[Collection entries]
______________________________

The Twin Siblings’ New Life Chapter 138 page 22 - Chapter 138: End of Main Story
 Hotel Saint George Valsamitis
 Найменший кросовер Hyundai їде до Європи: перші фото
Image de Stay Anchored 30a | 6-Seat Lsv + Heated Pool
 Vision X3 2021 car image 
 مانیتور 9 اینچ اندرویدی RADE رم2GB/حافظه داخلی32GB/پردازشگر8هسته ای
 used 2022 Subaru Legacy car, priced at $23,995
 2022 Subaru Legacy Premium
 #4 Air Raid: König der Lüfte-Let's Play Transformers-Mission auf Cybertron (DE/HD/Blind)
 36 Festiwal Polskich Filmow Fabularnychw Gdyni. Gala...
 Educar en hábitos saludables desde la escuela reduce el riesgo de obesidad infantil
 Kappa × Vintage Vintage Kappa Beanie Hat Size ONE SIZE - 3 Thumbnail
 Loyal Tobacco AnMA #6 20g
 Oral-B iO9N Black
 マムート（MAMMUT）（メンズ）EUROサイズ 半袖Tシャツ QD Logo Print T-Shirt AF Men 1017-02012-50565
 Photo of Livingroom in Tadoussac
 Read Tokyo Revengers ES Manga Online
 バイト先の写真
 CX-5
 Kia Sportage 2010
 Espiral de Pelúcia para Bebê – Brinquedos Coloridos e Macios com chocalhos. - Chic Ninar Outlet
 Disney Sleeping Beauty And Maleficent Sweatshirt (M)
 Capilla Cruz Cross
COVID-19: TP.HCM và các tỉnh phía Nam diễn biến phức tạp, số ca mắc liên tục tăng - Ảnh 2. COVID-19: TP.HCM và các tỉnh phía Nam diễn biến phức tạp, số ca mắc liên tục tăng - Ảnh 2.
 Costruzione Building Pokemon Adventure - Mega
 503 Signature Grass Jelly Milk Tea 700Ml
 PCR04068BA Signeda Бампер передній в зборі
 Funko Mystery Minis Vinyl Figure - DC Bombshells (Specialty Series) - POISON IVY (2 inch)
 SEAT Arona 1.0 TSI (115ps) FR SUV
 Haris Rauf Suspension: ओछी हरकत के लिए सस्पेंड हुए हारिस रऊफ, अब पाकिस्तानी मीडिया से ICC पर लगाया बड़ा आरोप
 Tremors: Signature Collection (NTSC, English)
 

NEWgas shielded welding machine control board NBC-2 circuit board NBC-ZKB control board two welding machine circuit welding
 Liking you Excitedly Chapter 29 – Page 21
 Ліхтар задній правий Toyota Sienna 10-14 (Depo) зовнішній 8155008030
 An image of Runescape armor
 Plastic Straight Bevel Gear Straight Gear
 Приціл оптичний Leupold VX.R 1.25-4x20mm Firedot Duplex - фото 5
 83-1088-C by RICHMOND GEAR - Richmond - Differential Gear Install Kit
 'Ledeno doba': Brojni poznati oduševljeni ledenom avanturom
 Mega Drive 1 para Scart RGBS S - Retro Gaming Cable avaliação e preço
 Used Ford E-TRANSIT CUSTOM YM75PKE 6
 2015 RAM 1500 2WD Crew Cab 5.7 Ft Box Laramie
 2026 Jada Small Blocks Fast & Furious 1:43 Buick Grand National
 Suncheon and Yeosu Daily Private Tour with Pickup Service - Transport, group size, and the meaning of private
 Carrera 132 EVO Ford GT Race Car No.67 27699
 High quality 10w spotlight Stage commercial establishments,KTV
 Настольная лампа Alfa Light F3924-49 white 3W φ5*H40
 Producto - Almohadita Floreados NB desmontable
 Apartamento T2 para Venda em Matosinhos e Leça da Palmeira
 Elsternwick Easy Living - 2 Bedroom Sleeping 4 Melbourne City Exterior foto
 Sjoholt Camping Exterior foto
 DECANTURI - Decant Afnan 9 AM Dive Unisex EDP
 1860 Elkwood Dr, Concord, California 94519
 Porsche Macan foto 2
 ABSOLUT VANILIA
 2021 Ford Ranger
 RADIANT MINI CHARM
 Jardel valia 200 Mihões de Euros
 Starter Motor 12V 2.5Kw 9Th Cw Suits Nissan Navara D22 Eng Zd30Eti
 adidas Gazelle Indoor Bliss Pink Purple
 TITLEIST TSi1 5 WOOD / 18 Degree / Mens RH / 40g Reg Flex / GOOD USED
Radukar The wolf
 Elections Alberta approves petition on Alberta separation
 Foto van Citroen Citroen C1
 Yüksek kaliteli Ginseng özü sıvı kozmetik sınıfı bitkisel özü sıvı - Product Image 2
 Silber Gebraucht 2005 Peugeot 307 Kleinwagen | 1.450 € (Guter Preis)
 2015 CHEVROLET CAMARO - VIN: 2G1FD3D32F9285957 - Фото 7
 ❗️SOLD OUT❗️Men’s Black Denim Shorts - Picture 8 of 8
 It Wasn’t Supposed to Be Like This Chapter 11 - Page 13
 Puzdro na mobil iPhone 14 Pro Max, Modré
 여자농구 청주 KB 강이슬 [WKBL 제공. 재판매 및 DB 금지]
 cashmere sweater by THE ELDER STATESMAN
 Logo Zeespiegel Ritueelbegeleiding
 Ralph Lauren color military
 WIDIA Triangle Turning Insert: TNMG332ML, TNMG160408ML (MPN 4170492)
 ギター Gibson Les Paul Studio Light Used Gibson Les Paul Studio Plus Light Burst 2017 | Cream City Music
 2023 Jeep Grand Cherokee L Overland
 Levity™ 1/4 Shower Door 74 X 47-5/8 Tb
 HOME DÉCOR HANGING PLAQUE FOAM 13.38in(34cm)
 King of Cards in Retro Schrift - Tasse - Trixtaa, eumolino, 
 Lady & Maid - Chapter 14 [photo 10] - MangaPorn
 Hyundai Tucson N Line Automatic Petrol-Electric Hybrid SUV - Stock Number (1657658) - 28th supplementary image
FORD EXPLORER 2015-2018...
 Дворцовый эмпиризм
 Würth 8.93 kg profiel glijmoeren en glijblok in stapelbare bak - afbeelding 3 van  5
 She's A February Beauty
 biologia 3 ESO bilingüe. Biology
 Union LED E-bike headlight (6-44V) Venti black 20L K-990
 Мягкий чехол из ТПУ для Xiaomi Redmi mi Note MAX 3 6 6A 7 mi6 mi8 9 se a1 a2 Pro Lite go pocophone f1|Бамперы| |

______________________________

§ Task brief: The expected answer is an exact copy of the lines above, beginning at the line with "Tremors: Signature Collection" and ending at the line with "Producto - Almohadita", with both ends in.

§ Written response:
 Tremors: Signature Collection (NTSC, English)
 

NEWgas shielded welding machine control board NBC-2 circuit board NBC-ZKB control board two welding machine circuit welding
 Liking you Excitedly Chapter 29 – Page 21
 Ліхтар задній правий Toyota Sienna 10-14 (Depo) зовнішній 8155008030
 An image of Runescape armor
 Plastic Straight Bevel Gear Straight Gear
 Приціл оптичний Leupold VX.R 1.25-4x20mm Firedot Duplex - фото 5
 83-1088-C by RICHMOND GEAR - Richmond - Differential Gear Install Kit
 'Ledeno doba': Brojni poznati oduševljeni ledenom avanturom
 Mega Drive 1 para Scart RGBS S - Retro Gaming Cable avaliação e preço
 Used Ford E-TRANSIT CUSTOM YM75PKE 6
 2015 RAM 1500 2WD Crew Cab 5.7 Ft Box Laramie
 2026 Jada Small Blocks Fast & Furious 1:43 Buick Grand National
 Suncheon and Yeosu Daily Private Tour with Pickup Service - Transport, group size, and the meaning of private
 Carrera 132 EVO Ford GT Race Car No.67 27699
 High quality 10w spotlight Stage commercial establishments,KTV
 Настольная лампа Alfa Light F3924-49 white 3W φ5*H40
 Producto - Almohadita Floreados NB desmontable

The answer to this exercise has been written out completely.